Я засмеялась, довольная произведенным эффектом.
– Та-ак, – протянул Сергей. – Мы стали читать Катулла? И даже учим его наизусть?
– И Катулла, и Пушкина, и всех остальных… Я это учила год назад, к экзамену. Просто я полюбила преподавательницу антички. А она любит Катулла. Она вообще любит греков, всех сразу. Она на них помешана.
Сергей молчал, разглядывая стакан. И я зачем-то стала рассказывать ему о Бурмистровой.
– Интеллектуальная хандра? – Он прищурился. – Забавно сказано. А что, милая девочка, вот пройдут годы, и вы тоже станете ученой дамой, станете, станете, никуда не денетесь… И та же болезнь скрутит вас… Скука, университетская пыль, студенты, у которых в голове только любовь да грядущие подвиги. А ты никому не нужна.

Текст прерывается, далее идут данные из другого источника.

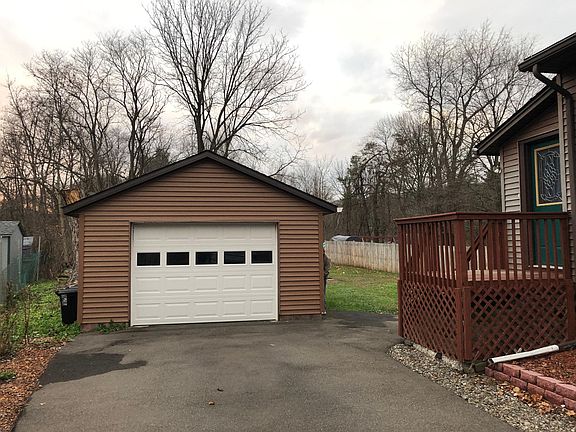 3rd image of 870 Main St #1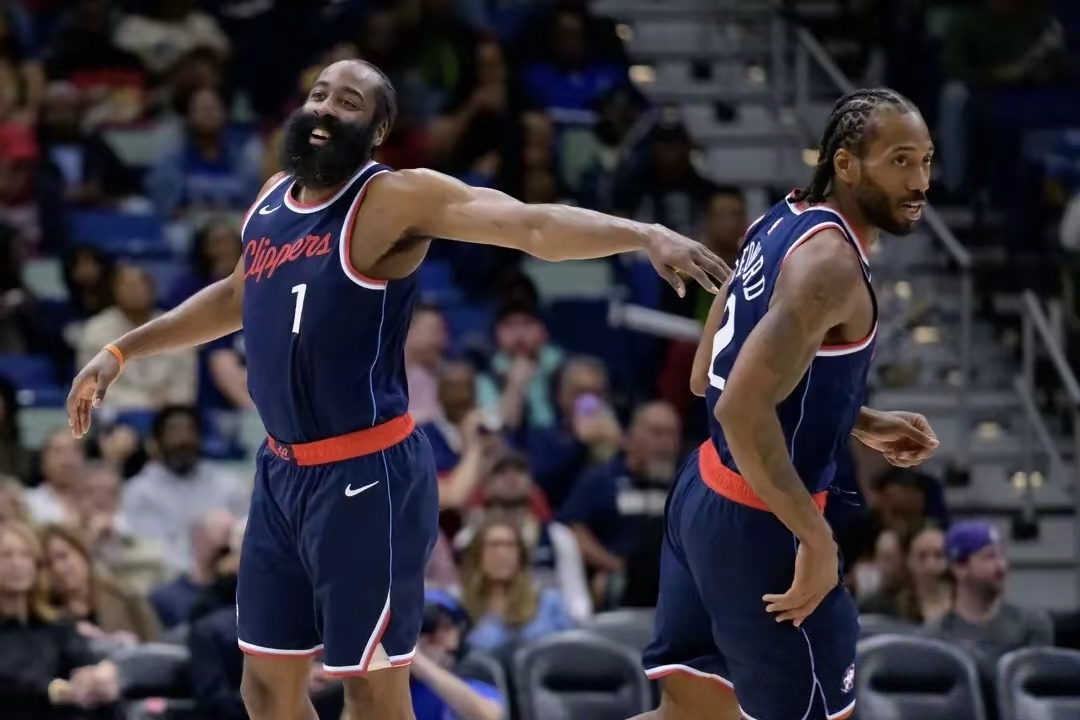 星空体育官网今晨洛杉矶快船伤情更新——NBA季后赛节点到来，更衣室稳定，医务组通报恢复的简单介绍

– Ну нет, – отреклась я и добавила вдруг запальчиво: – Я никогда не стану ученой дамой. Я буду писать. Литература для меня не архив – жизнь. Я не хочу судить о том, что сделали другие, я сама хочу делать.
Сергей усмехнулся.
– Не буду спорить. Но знаете, Надя, ваша Бурмистрова когда-то наверняка мечтала о том же. И если не о славе, то хотя бы о признании. У нее ведь кое-что выходило в свет, имело отклики – я, видите ли, немного в курсе. Была такая тоненькая девочка, независимая, умненькая, гордая, почти диссидентка. – Он усмехнулся снова. – Ее талант признавали, пророчили будущее. Но что-то не сложилось. Главное, Надя, самому вовремя понять, на что ты годишься, на что можешь замахиваться. Задор молодости, когда все по плечу, – это прекрасно, но это должно пройти. И очень печально, когда жизнь не то чтобы закончилась, но достигла своего апогея, и надо бы оглянуться, кое-что осознать, а человек все еще смотрит вперед и думает, что впереди – вечность. А там край, конец, тупик, а позади – только надежды на будущее…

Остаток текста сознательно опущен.